Die Demokraten hatten im Mai den so genannten HEROES Act im Repräsentantenhaus verabschiedet, der eine Verlängerung des Zuschusses bis Januar vorgesehen hätte. Sie wiesen den Vorschlag der Republikaner zurück und sorgten damit für Verhandlungen zwischen der Sprecherin des Repräsentantenhauses, Nancy Pelosi, und Senats-Minderheitsführer Charles Schumer auf der einen, sowie Finanzminister Steven Mnuchin und Trumps Stabschef Mark Meadows auf der anderen Seite.

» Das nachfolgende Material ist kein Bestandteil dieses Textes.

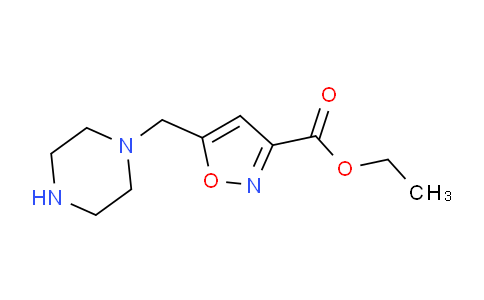 CAS No. 1053656-18-0, Ethyl 5-(piperazin-1-ylmethyl)isoxazole-3-carboxylate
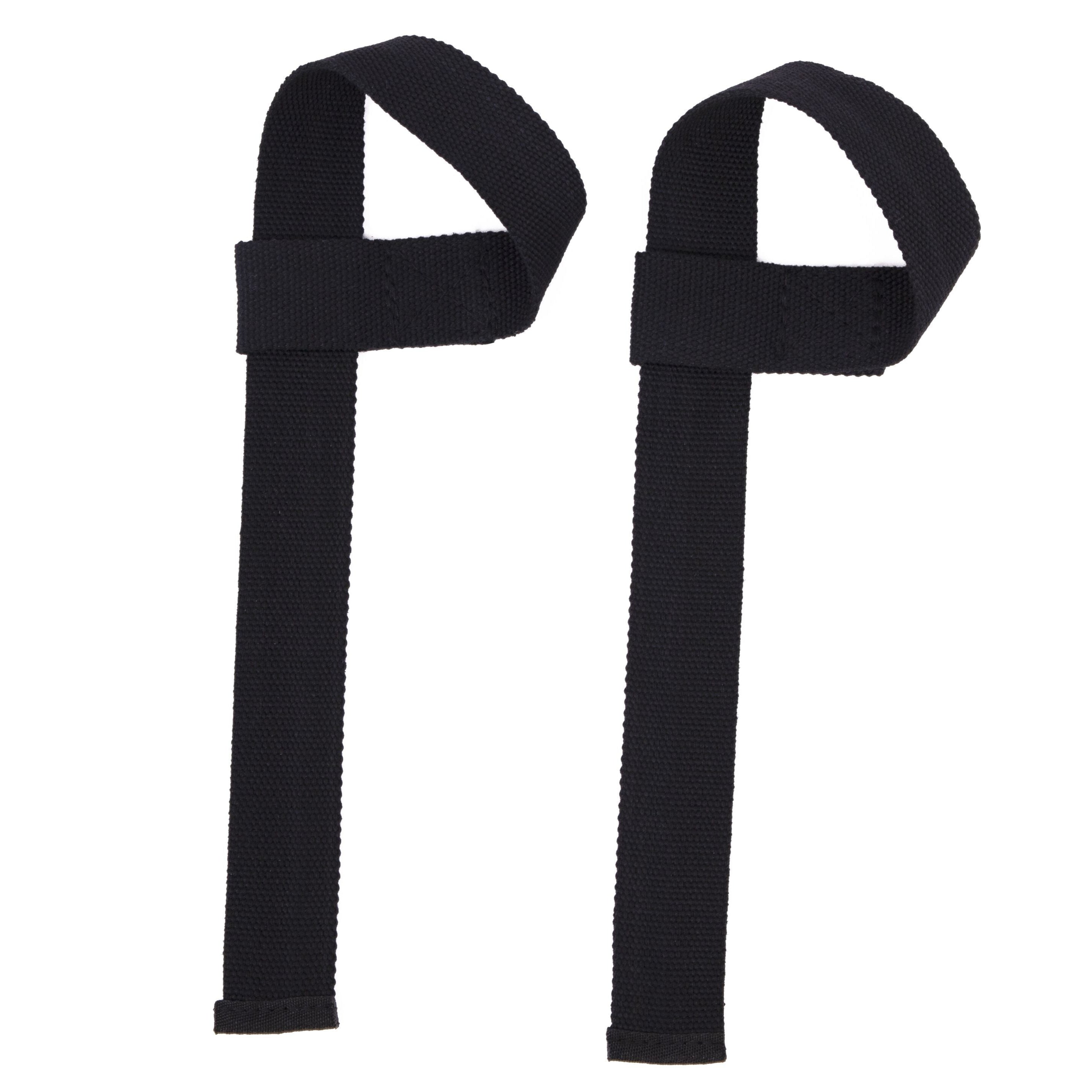 Billige Lifting Straps Wrist wraps black (2 stk) - nylon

Letzte Woche schaltete sich Präsident Trump ein. Er forderte eine Übergangslösung, durch die der Bundeszuschuss vorübergehend in einer noch nicht spezifizierten Höhe verlängert wird. Auch das Moratorium der Bundesregierung für Zwangsräumungen soll danach verlängert werden. Am Donnerstag und Freitag lehnte die Führung der Demokraten eine bruchstückhafte Einigung ab und beharrte nominell auf der Beibehaltung anderer Teile des HEROES Act, darunter der Bundesmittel für Bundesstaatsregierungen und Stadtverwaltungen sowie zusätzliche Mittel für Corona-Tests.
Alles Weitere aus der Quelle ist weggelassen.